This is not about denying Mexican responsibility. On the contrary. Mexico’s responsibility is enormous. But precisely for that reason, it must be stated in full: the disaster was not caused solely from outside nor solely from within. It was produced by a historical arrangement between US interests and Mexican elites who made dependency a strategy. It was not an accident. It was designed.

Photo: Jay Watts

The Second Floor Never Arrived

More than a year and a half into the new administration, the assessment is clear: the economic transformation has not taken shape. It is not enough to simply say that the Fourth Transformation (4T) continues. Continuity cannot be merely electoral or rhetorical. It must become a tangible state capacity. It must demonstrate that the state can do more than redistribute wealth: it can produce, coordinate, industrialize, rebuild the agricultural sector, manage energy resources, reclaim territories, and negotiate with the United States from a position of independence.
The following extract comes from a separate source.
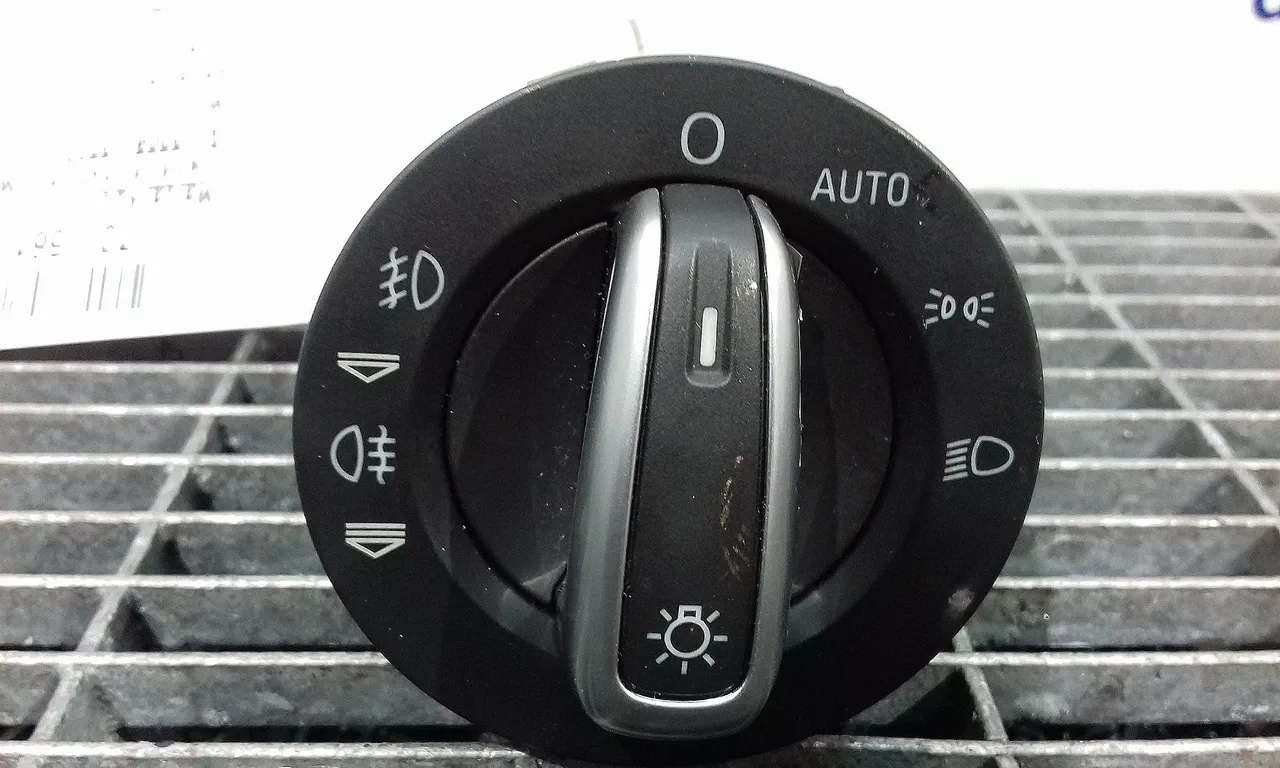 INTRERUPATOR LUMINI AUDI A6 Allroad C6 2006-2011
That was the Second Floor. But what’s emerging is something else entirely. In the Economy sector, the apparatus is politically realigning itself amidst stagnation, the review of the USMCA, and a supposed wave of nearshoring that hasn’t translated into industrial transformation. In Agriculture, the change in leadership doesn’t yet reflect a reconstruction of the countryside, but rather a separation between territorial operations and external agri-food negotiations. In Energy, the fracking debate reveals the temptation to turn the subsoil into a new field of attraction for foreign investment, even if this deepens environmental, territorial, and sovereignty contradictions. In Morena, the leadership is changing to reorganize the party for 2027, but the underlying problem is whether the movement can remain a historical project and not just an electoral machine. In Sinaloa, the State faces the brutal reminder that having formal authority doesn’t mean controlling territory.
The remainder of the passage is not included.